Material provided: Begin
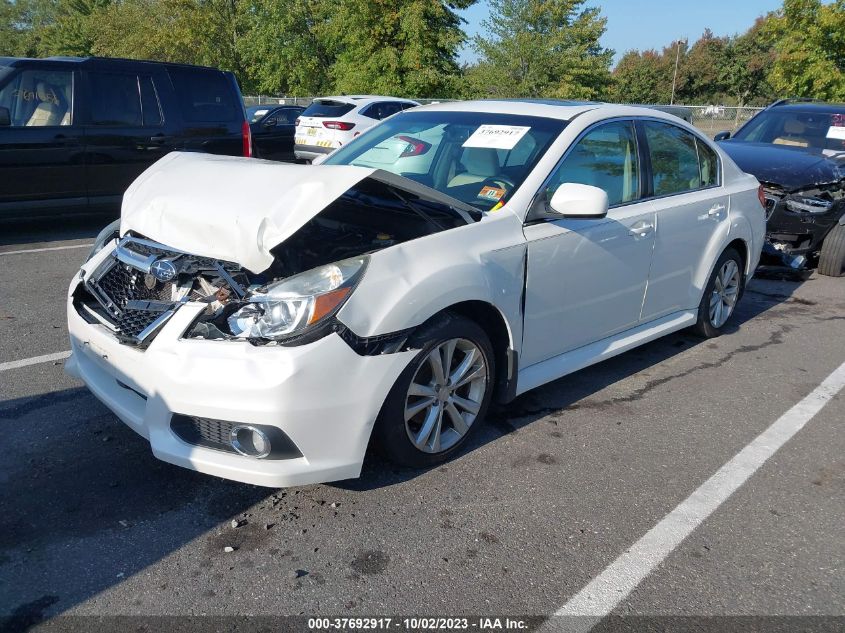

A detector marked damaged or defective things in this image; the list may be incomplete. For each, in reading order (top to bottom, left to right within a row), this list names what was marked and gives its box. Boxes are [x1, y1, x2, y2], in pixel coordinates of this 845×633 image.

crumpled car hood [121, 154, 376, 272]
broken headlight assembly [204, 254, 366, 344]
car wheel of damaged car [696, 248, 740, 338]
car wheel of damaged car [816, 225, 844, 278]
detached bumper cover [66, 278, 416, 486]
damaged front bumper [67, 244, 418, 486]
car wheel of damaged car [372, 314, 492, 466]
Material provided: End
### What is required
Once the pictures are removed, reproduce the remaining entries above exactly.

### Exercise output
A detector marked damaged or defective things in this image; the list may be incomplete. For each, in reading order (top to bottom, left to right within a row), this list names what was marked and gives its box. Boxes are [x1, y1, x2, y2], in pixel coordinates of this 845×633 image.

crumpled car hood [121, 154, 376, 272]
broken headlight assembly [204, 254, 366, 344]
car wheel of damaged car [696, 248, 740, 338]
car wheel of damaged car [816, 225, 844, 278]
detached bumper cover [66, 278, 416, 486]
damaged front bumper [67, 244, 418, 486]
car wheel of damaged car [372, 314, 492, 466]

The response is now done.